The match was burned out, and only the thick, hard wall
was beside her.
She kindled a third match. Again up shot the flame; and now she was sitting under a most beautiful Christmas-tree, far larger, and far more prettily decked out than the one she ha
d seen last Christmas Eve through the glass doors of the rich merchant's house. Hundreds of wax tapers lighted up the green branches, and tiny painted pictures such as she had seen in the shop windows, looked down from the tree upon he
The child stretched out her hands towards them in delight, and in that moment the light of the match was quenched; still, however, the Christmas candles burned higher and higher. She beheld them beaming like stars in heaven; one of them fell, the light streaming behind it like a long, fiery tail.

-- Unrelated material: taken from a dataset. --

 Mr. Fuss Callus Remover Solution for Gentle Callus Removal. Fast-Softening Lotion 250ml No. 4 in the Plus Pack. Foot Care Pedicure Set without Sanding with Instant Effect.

"Now some one is dying," said the little girl softly; for she had been told by her old grandmother- the only person who had ever been kind to her, and who was now dead- that whenever a star falls an immortal spirit returns to the God who gave it. She struck yet another match against the wall; it flamed up, and, surrounded by its light, that same dear grandmother appeared before her, gentle and loving as always, but bright and happy as she had never looked during her lifetime.
小女孩于是点燃第三根火柴。 这一次她坐在一棵非常美丽的圣诞树下，这棵圣诞树远比去年从一个有钱人家的玻璃门中看到的那棵还要大，而且点缀得更精致。 另外在这棵圣诞树的绿叶间点着许多蜡烛，还有五彩缤纷的装饰品，就像她在商店橱窗所看见的一样，都从树上向下俯看着她。